Dennis: Yeah, and as I watched Barbara do the watercolors for each of these and meditate on John 3:16 and begin to really think about bringing Christmas alive in fresh ways, I began to be captured by her imagination, because as she was writing these things, she was forcing me to think, as you talk about God's love, that it's really more than we kind of compartmentalize it in just a simple word called "love."

It has to do with His kindness, His compassion, His attitude toward us, and, really, that's what she's done as she's put this together both in art form and in her meditations that she has written.  She brings it alive with words that force us to think about Christmas in a totally different way.

Bob: You know, it's interesting – all Scripture is inspired and profitable, we know that, but there are certain verses, or passages, that have stood out; that have become prominent, over time.  You think of Psalm 23 – out of all of the Psalms here is one that people who don't even know Jesus know Psalm 23.  And John 3:16 is one of those verses, maybe one of the most prominent addresses in the Bible – why do you think that is?  Why this verse popping out, out of hundreds, thousands, of verses in the Bible?

Barbara: You know, I'm not sure I have an answer for that, but I think it's interesting that as well-known as the verse is, that we don't associate it with Christmas.  And yet it talks about God giving a gift, and it talks about why He did that, and it was because of His love.

And so, basically, what I did is wrote an amplification of each of those key elements, an amplification of what His love means, an amplification of what the essence of the world is in that verse.  And I borrowed phrases from other places in Scripture because there are certain phrases – like one of my very, very favorite phrases in Scripture comes out of Hebrews, and it's the phrase "Once for all."  Jesus paid the penalty for us "once for all."  And so I took phrases like that, and that phrase is in one of these sections, because they're such powerful, potent phrases, and we tend to read over them quickly as a part of the verse that they're in, but if you focus on the phrase by itself, perhaps in another context, you might understand it better or appreciate it in a way that you might not have just reading it in the context that we're used to seeing it in.

Bob: I heard someone describe the whole process of meditation one time, kind of like looking at a gemstone.  As you turn the stone and see its different cuts and facets; different parts of light shine through differently.  They said meditating on a verse or a passage is like taking it and turning it and looking at it from all different perspectives.  That's, in essence, what you did with John 3:16 over a period of several months, right?

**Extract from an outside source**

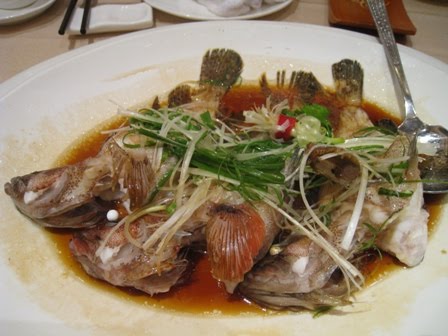 [IMG_5663.JPG]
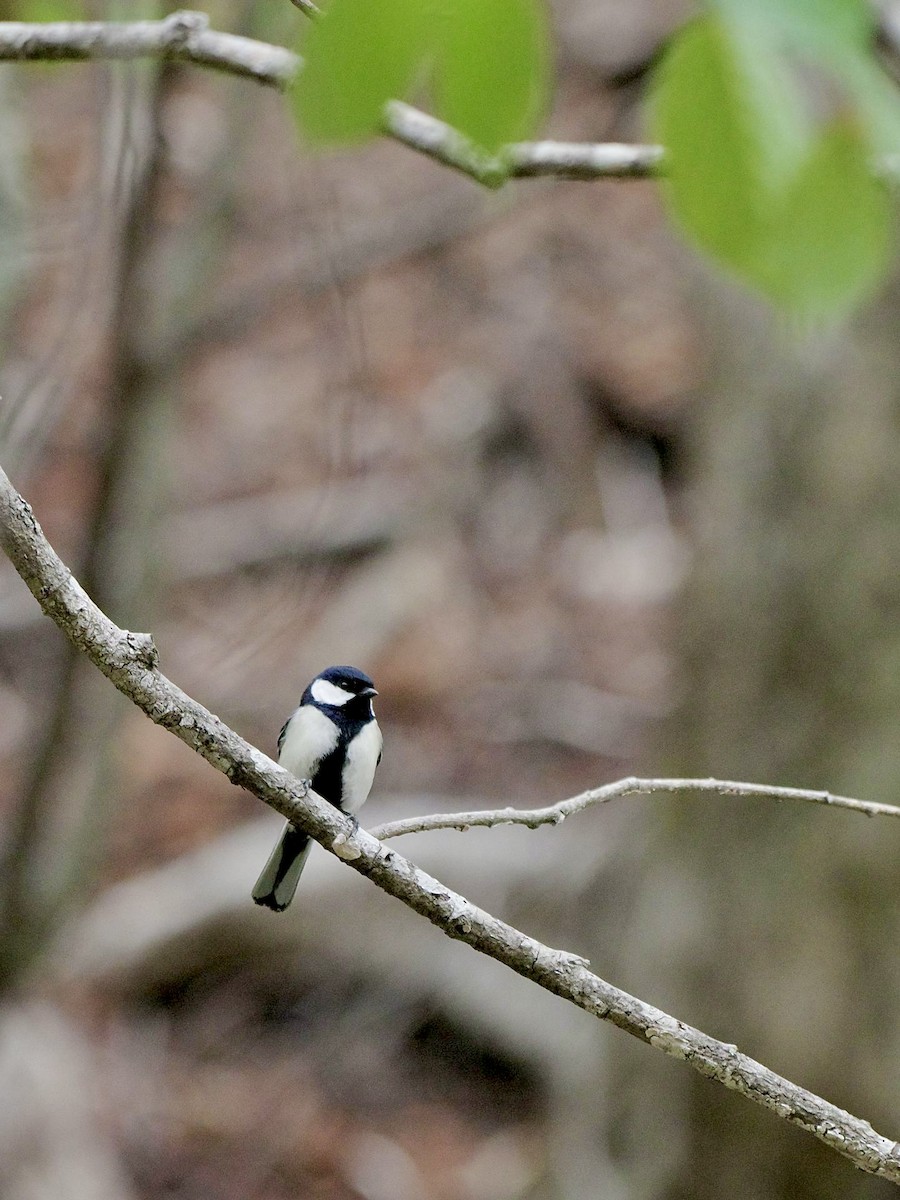 Asian Tit (Japanese) - ML618544727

Barbara: Yeah, it was just pulling it together and looking at that verse from a different angle, and, you know, there's an old hymn that says, "I love to tell the story, to tell the old, old story of Jesus and His love."

[musical transition]

And I realized that, as believers, one of the things God wants us to do is always be telling the story but always telling the Gospel story in new and different, fresh, creative ways that might speak to someone in a way that the story they previously heard didn't speak to them.

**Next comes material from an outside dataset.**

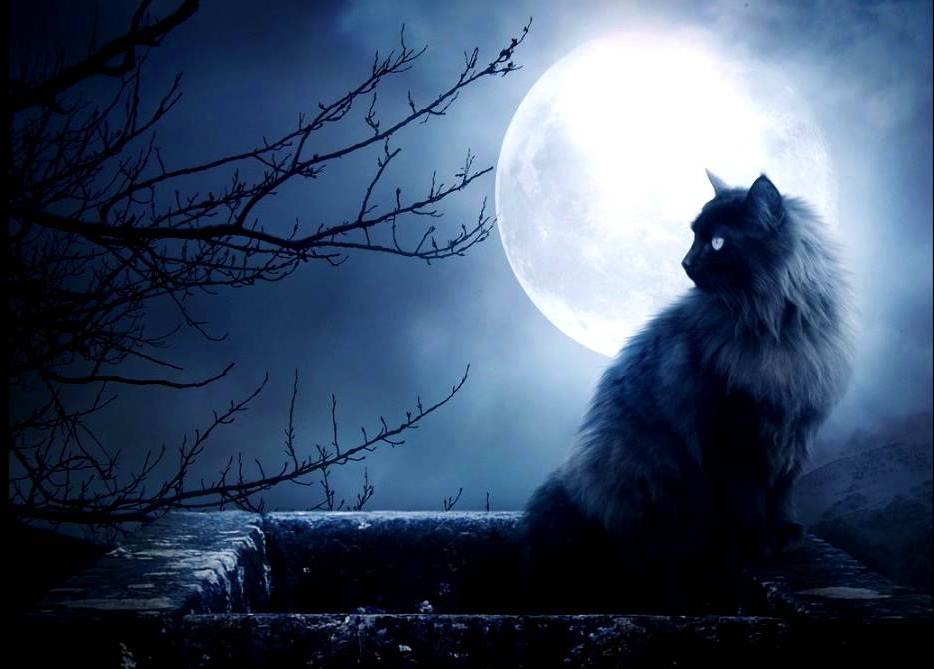 Фантастичні пригоди цього літа by 7-А  - Ourboox.com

So it was fun to do this; it was exciting to do this – to take a verse that's not usually associated with Christmas and yet contains the heart of the Gospel and to sort of retell it, or amplify it, so that perhaps someone who might know John 3:16 really well might see it in a new light and might understand the Gospel in a way that they hadn't understood before.

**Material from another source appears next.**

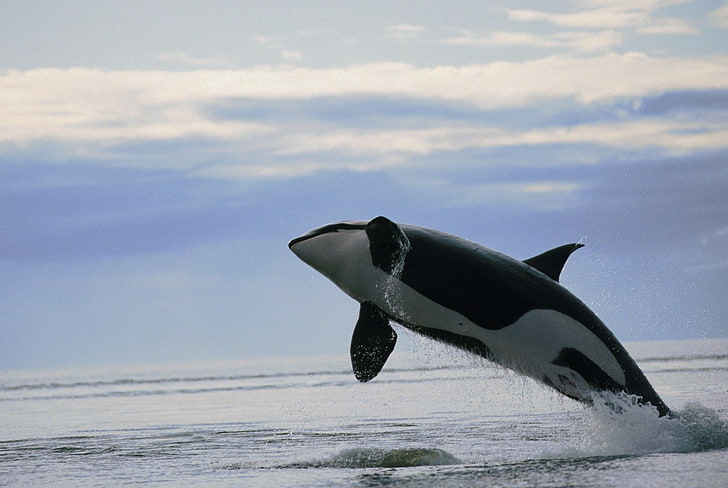 dekorasi ikan hitam dan putih, orca, alam, hewan, paus, Wallpaper HD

Bob: And someone who doesn't know John 3:16 very well can see the Gospel in how you've amplified it here.

Dennis: Yeah, in fact, one of the things I think is going to happen is I think a lot of folks are going to get this book not merely for themselves, but they're going to purchase extra books for their neighbors or for an associate at work or for a family member who maybe they're wanting to reach out to spiritually, and just as we've seen people use our resource, Resurrection Eggs or Barbara's other book she created, "Thanksgiving, a Time to Remember."  They've used these books, which are art pieces in and of themselves or in the case of Resurrection Eggs, it just tells a simple story, and I think this book does both. 

It both tells a simple story of the Gospel, but it does it in a fresh, compelling visual way that is pleasant.  And I think if you took this next door to a neighbor, they're going to go, "Wow, thank you," because it's really, as you said, magnificent.  It's a masterpiece done around John 3:16, which is, frankly, one of the great masterpieces in all of Scripture – not that any passage of Scripture is better than another, but it just seems like nothing really gives us the essence of what God is doing on the planet more than that verse.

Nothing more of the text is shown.